▸ **Required work**
Copying each record below exactly is the whole task.

Short descriptive text snippets:
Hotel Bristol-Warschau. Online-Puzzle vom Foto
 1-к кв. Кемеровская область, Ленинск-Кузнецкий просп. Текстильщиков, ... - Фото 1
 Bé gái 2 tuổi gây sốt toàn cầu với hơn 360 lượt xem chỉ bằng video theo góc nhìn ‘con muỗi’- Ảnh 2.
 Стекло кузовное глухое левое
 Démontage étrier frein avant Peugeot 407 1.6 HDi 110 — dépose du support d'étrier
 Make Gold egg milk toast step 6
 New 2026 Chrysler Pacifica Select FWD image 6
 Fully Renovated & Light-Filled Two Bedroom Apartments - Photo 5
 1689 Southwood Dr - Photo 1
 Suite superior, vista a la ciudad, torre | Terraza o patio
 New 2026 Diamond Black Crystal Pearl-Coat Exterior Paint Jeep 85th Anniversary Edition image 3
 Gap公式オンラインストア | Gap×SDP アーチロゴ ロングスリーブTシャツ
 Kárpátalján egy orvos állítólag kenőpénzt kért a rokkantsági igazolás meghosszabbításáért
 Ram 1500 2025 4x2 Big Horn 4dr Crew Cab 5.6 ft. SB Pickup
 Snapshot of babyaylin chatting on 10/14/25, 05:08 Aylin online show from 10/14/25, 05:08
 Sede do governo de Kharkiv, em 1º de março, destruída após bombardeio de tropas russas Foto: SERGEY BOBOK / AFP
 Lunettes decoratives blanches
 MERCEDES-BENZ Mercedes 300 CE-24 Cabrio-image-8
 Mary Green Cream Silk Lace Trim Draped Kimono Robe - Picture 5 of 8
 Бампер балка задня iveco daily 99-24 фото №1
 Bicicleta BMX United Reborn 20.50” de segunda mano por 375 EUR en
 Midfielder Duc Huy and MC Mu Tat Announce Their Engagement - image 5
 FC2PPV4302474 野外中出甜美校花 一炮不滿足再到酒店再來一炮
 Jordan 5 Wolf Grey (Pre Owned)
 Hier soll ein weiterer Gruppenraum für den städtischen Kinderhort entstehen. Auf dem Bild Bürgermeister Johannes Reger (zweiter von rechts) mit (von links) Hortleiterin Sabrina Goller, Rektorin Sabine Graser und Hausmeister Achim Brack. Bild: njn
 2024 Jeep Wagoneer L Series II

▸ **Output for this exercise**
Hotel Bristol-Warschau. Online-Puzzle vom Foto
 1-к кв. Кемеровская область, Ленинск-Кузнецкий просп. Текстильщиков, ... - Фото 1
 Bé gái 2 tuổi gây sốt toàn cầu với hơn 360 lượt xem chỉ bằng video theo góc nhìn ‘con muỗi’- Ảnh 2.
 Стекло кузовное глухое левое
 Démontage étrier frein avant Peugeot 407 1.6 HDi 110 — dépose du support d'étrier
 Make Gold egg milk toast step 6
 New 2026 Chrysler Pacifica Select FWD image 6
 Fully Renovated & Light-Filled Two Bedroom Apartments - Photo 5
 1689 Southwood Dr - Photo 1
 Suite superior, vista a la ciudad, torre | Terraza o patio
 New 2026 Diamond Black Crystal Pearl-Coat Exterior Paint Jeep 85th Anniversary Edition image 3
 Gap公式オンラインストア | Gap×SDP アーチロゴ ロングスリーブTシャツ
 Kárpátalján egy orvos állítólag kenőpénzt kért a rokkantsági igazolás meghosszabbításáért
 Ram 1500 2025 4x2 Big Horn 4dr Crew Cab 5.6 ft. SB Pickup
 Snapshot of babyaylin chatting on 10/14/25, 05:08 Aylin online show from 10/14/25, 05:08
 Sede do governo de Kharkiv, em 1º de março, destruída após bombardeio de tropas russas Foto: SERGEY BOBOK / AFP
 Lunettes decoratives blanches
 MERCEDES-BENZ Mercedes 300 CE-24 Cabrio-image-8
 Mary Green Cream Silk Lace Trim Draped Kimono Robe - Picture 5 of 8
 Бампер балка задня iveco daily 99-24 фото №1
 Bicicleta BMX United Reborn 20.50” de segunda mano por 375 EUR en
 Midfielder Duc Huy and MC Mu Tat Announce Their Engagement - image 5
 FC2PPV4302474 野外中出甜美校花 一炮不滿足再到酒店再來一炮
 Jordan 5 Wolf Grey (Pre Owned)
 Hier soll ein weiterer Gruppenraum für den städtischen Kinderhort entstehen. Auf dem Bild Bürgermeister Johannes Reger (zweiter von rechts) mit (von links) Hortleiterin Sabrina Goller, Rektorin Sabine Graser und Hausmeister Achim Brack. Bild: njn
 2024 Jeep Wagoneer L Series II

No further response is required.